§ **Exercise requirements**:
From the records that follow, copy every line that contains the word "then".

§ **Records shown**:

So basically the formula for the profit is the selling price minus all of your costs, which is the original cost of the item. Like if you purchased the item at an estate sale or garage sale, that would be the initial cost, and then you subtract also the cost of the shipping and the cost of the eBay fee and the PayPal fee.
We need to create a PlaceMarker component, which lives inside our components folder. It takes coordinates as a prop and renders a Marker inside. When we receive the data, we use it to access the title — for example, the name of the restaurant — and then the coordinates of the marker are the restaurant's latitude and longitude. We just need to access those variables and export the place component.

--

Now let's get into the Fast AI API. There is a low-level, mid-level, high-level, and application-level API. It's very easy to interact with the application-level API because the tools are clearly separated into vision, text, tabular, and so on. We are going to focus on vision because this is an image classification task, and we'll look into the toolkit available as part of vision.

§ **Reply to the exercise**:
So basically the formula for the profit is the selling price minus all of your costs, which is the original cost of the item. Like if you purchased the item at an estate sale or garage sale, that would be the initial cost, and then you subtract also the cost of the shipping and the cost of the eBay fee and the PayPal fee.
We need to create a PlaceMarker component, which lives inside our components folder. It takes coordinates as a prop and renders a Marker inside. When we receive the data, we use it to access the title — for example, the name of the restaurant — and then the coordinates of the marker are the restaurant's latitude and longitude. We just need to access those variables and export the place component.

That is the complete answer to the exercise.